ABOUT THIS TASK >> The output must consist only of the lines from the one with "Van contra los" through the end of the listing, restated exactly and free of pictures.

DATA SHOWN >>
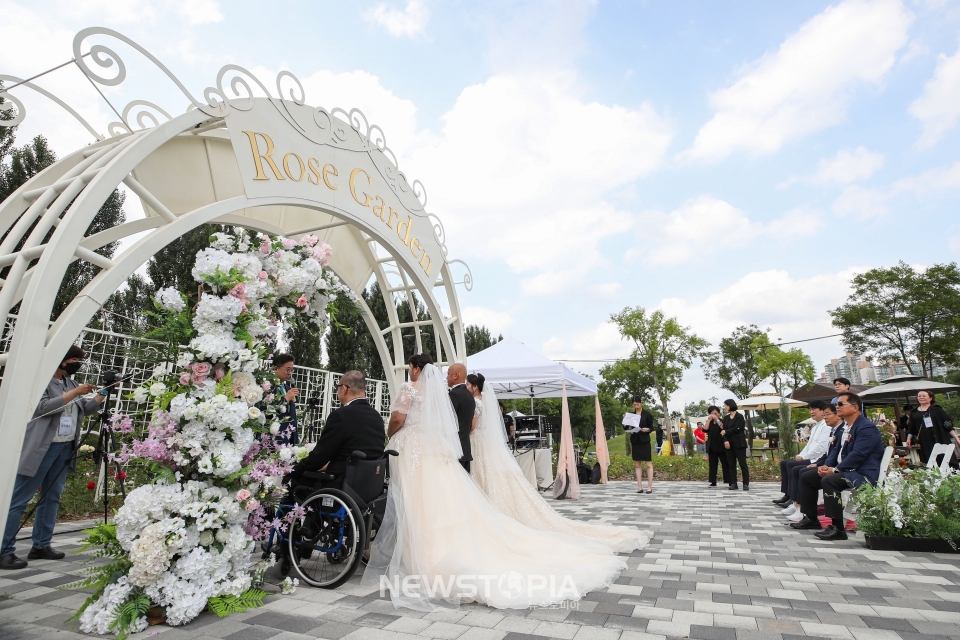 서울 강동구 광나루 한강공원 장미원에서 한 부부의 야외결혼식이 진행되고 있다.ⓒ뉴시스
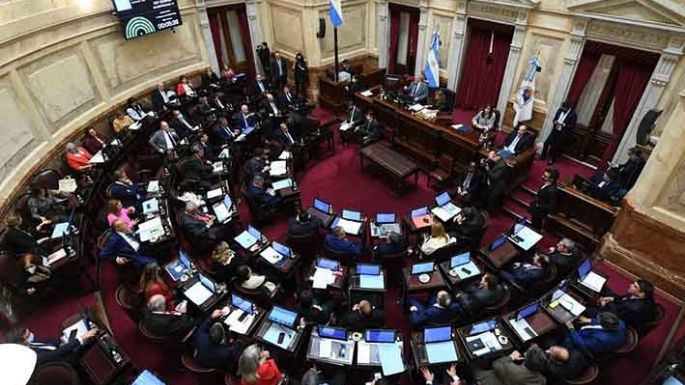 Van contra los “lavadores”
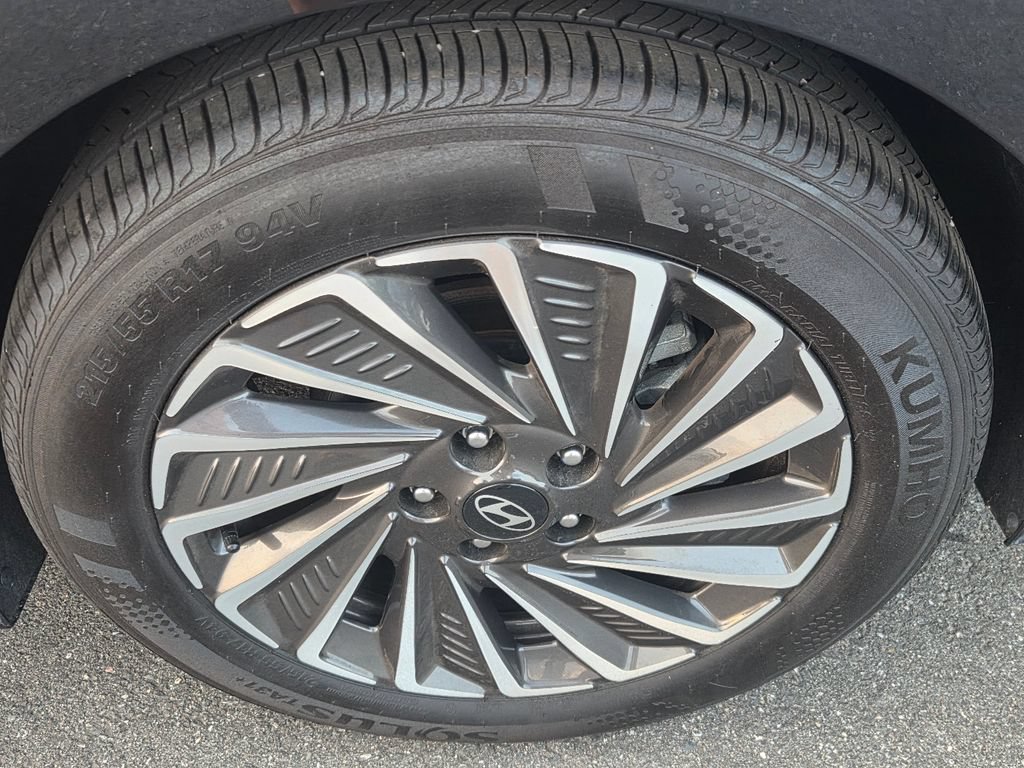 Used 2025 Hyundai Sonata Limited FWD image 10
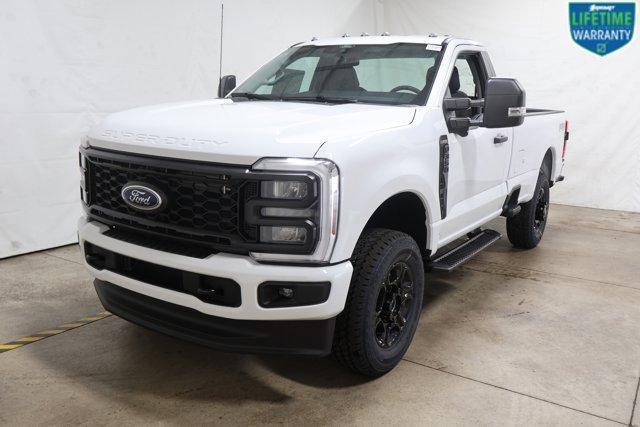new 2025 Ford F-350 car, priced at $55,620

ANSWER SECTION >>
 Van contra los “lavadores”
 Used 2025 Hyundai Sonata Limited FWD image 10
new 2025 Ford F-350 car, priced at $55,620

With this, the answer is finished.